Research Fellow at NIMH- National Institute of Mental Health
Speaking from Perspective of Individual Researcher
Tell me about yourself, and your role as a researcher at NIMH
My name is Katie Hosey, and I am a postbaccalaureate research fellow at the National Institute of Mental Health. I work for NIMH in different branches, along with doing independent research projects. Currently I work for a lab that does research into the genetics of bipolar disorder, I’m on the clinical team, which works directly with the participants and their families.
What have you learned from being a research fellow?
There is certainly a lot I have gathered and learned from researching. I believe one of the best aspects of the job is the mentorship. You don’t always find that in academia, but it’s a major part of the culture in general. Having many coworkers, and supportive people you look up to especially in careers related to mental health is super beneficial. Say you might be having a bad day, or just aren’t in the best mood, everyone is usually super understanding. On the research side of it, everyone is really trying to work towards the same thing, and it’s an extremely collaborative environment, which makes it easy to build connections.

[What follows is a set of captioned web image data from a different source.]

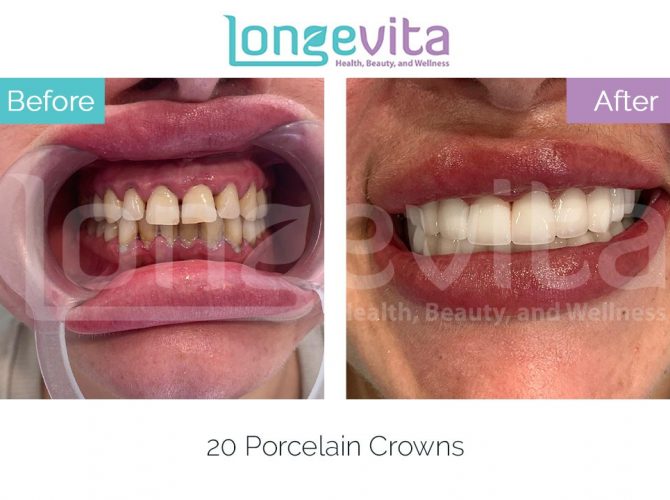 dental crowns turkey before and after 13 670x500 1.jpg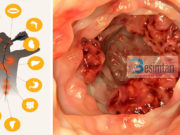 Për shkak të kësaj pije ka një rrezik të madh që ju të merrni sëmundje të tmerrshme…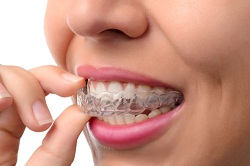 invisalign-system-sales-market
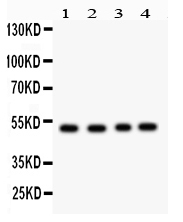 1 - Anti-SOCS4 Picoband Antibody ABO12194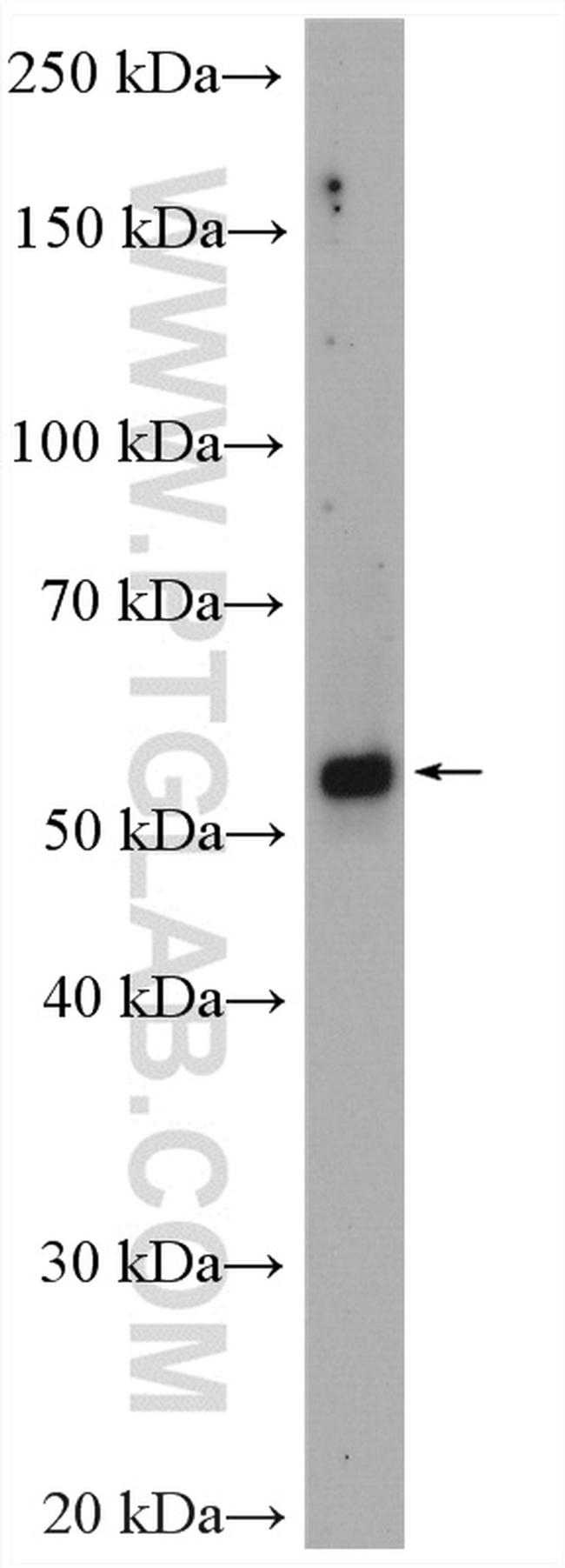 ESR2 Antibody in Western Blot (WB)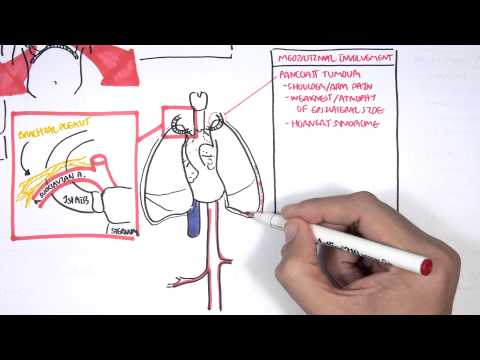 Lung Carcinoma (Lung cancer)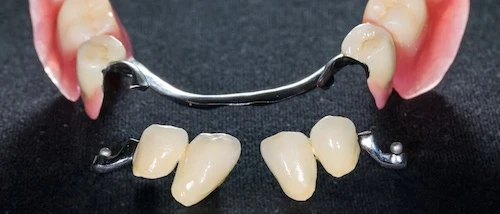 Patentos fogsor képe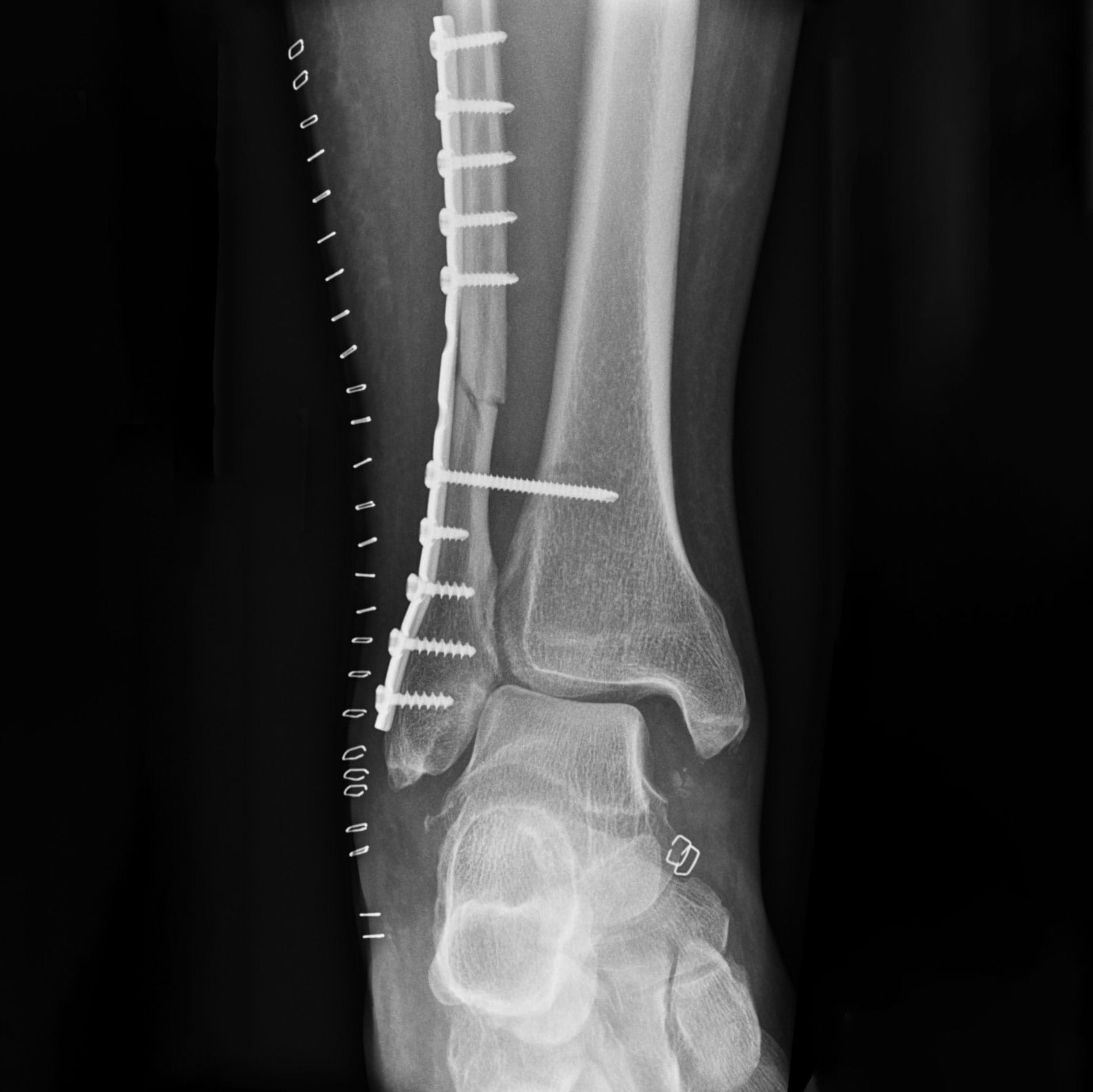 X-ray image taken after operation 2 showing the pins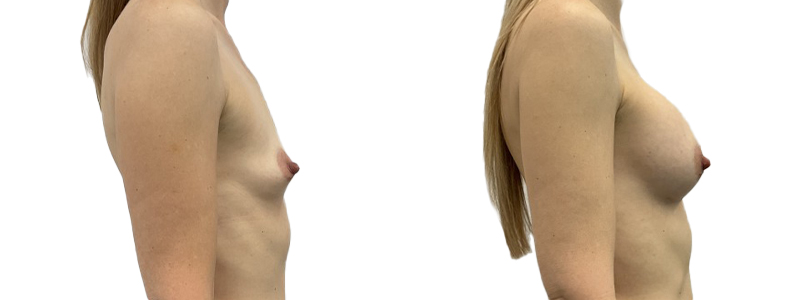 Power ps gallery breast augmentation 18154 right.jpg — Power Plastic Surgery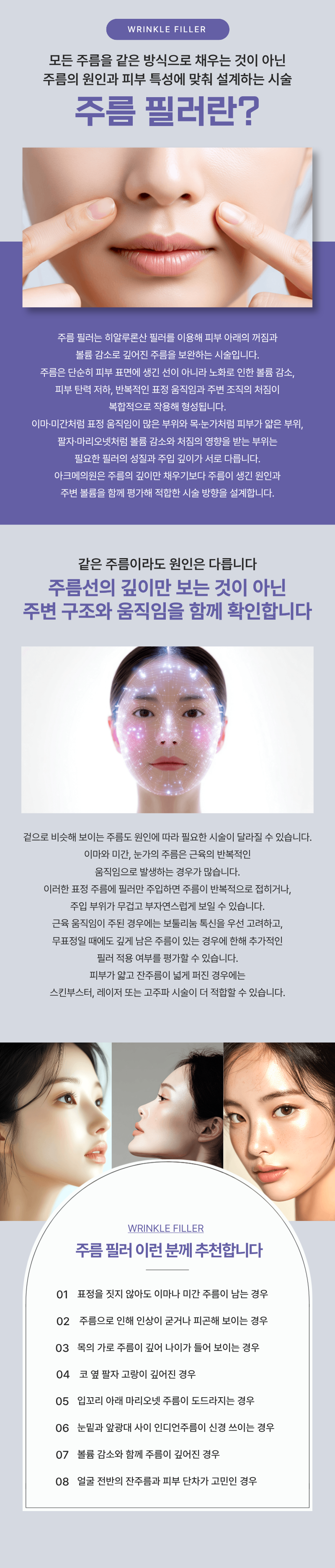 주름 필러 1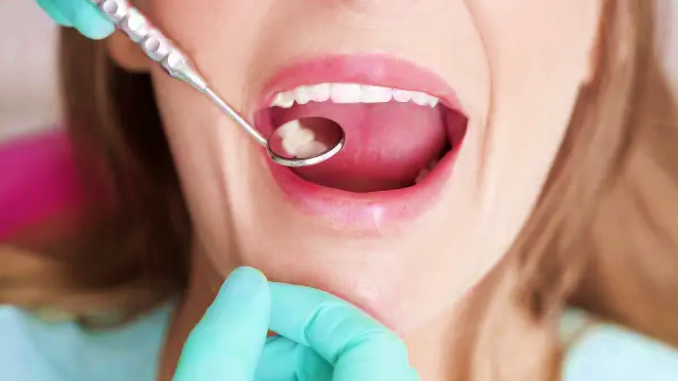 Empaste dental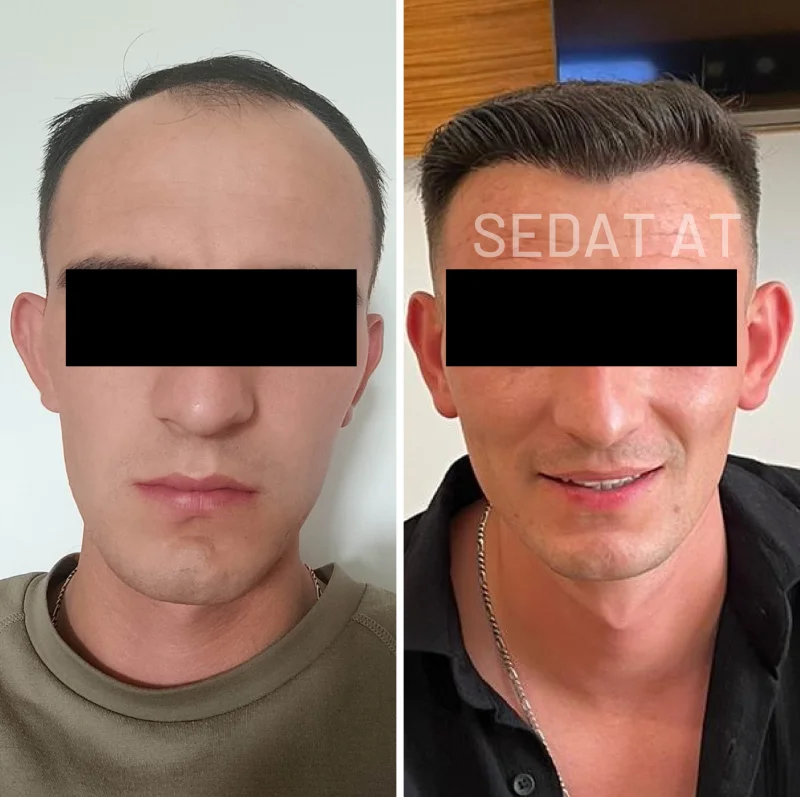 Trend Hair Çorlu Saç Ekim Merkezi - Öncesi/Sonrası 15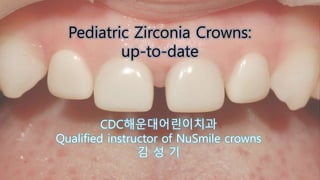 Pediatric Zirconia Crowns:
up-to-date
CDC해운대어린이치과
Qualified instructor of NuSmile crowns
김 성 기
 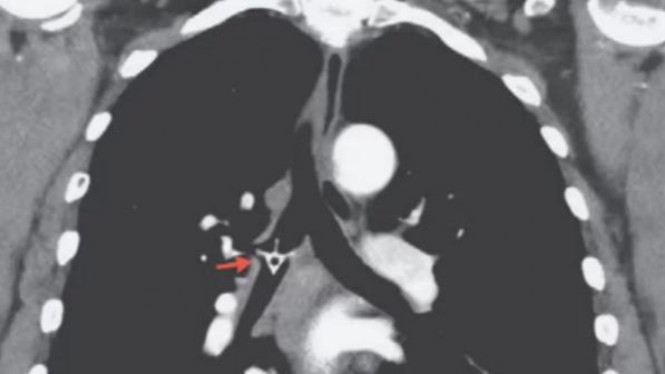 Tulang ayam di dalam paru-paru.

How do you conduct research on bipolar and schizophrenia patients?
We work with anabaptist populations which are Dominican Mennonite as well as other populations, but largely antibiotic populations because there generally isolated. It plays into the founder effect in genetics where they came over from Europe and then reproduced with people outside of their culture. Inevitable then their gene pool is homogeneous compared to the regular population, and we take this information and work to find rare genetic causes for bipolar disorder. In my role we work to do advertising and anabaptist newspapers magazines to try and having people in the community reach out to us and get involved. Additionally, we recruit them to go to psychiatric hospitals. In general, we work to find people that are affected and interested in care. Once we can recruit individuals it becomes time for more genetic work- taking blood samples, teams looking into genetic sequencing, running tests, etc.
How have you seen mental health increase over the pandemic to where it is right now?
In general, from what I have seen through simply being a human, there are social and community factors of COVID that have streamed negative impacts on people’s mental health. Projects at NIMH worked to investigate how COVID affected outreach events, but they were not super representative on the population as a total. Due to this result, I ended up doing a lot of research on how the general population was affected. In current times there is a ton of research coming out that people who were working in mental health fields were at extremely high risks for depressive and anxiety symptoms. I think that the past couple years people have been good at talking about their problems, and resources have gotten better at catering to everyone’s needs. Now there is a lot of startups that are working on expanding coverage of mental health. Talk space is one thing/ online mental health resource that living people are advocating for, additionally I think that health insurance coverage needs a lot of work. Overall people are doing a lot better at highlighting how mental states can really unravel at times, and we need to learn how to work together.
What is your goal as a mental health advocate through researching at NIMH?
I just hope that I can continue to make an impact in the community relating to mental health. Research takes time, and it’s a lengthy process, but I believe that we are slowly moving in the right direction. Losing the stigma behind going to therapy and seeking out help is the number one priority in my eyes right now.